Stored dataset items
========================================
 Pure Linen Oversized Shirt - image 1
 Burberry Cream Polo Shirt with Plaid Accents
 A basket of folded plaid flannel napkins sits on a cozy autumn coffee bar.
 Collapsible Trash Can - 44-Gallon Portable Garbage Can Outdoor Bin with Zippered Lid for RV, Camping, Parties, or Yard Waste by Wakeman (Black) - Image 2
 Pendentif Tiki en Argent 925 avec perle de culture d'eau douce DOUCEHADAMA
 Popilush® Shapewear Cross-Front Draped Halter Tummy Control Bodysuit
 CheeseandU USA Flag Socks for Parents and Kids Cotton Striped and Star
========================================
Exercise description> All the entries should be output exactly as given.

Solution below>
 Pure Linen Oversized Shirt - image 1
 Burberry Cream Polo Shirt with Plaid Accents
 A basket of folded plaid flannel napkins sits on a cozy autumn coffee bar.
 Collapsible Trash Can - 44-Gallon Portable Garbage Can Outdoor Bin with Zippered Lid for RV, Camping, Parties, or Yard Waste by Wakeman (Black) - Image 2
 Pendentif Tiki en Argent 925 avec perle de culture d'eau douce DOUCEHADAMA
 Popilush® Shapewear Cross-Front Draped Halter Tummy Control Bodysuit
 CheeseandU USA Flag Socks for Parents and Kids Cotton Striped and Star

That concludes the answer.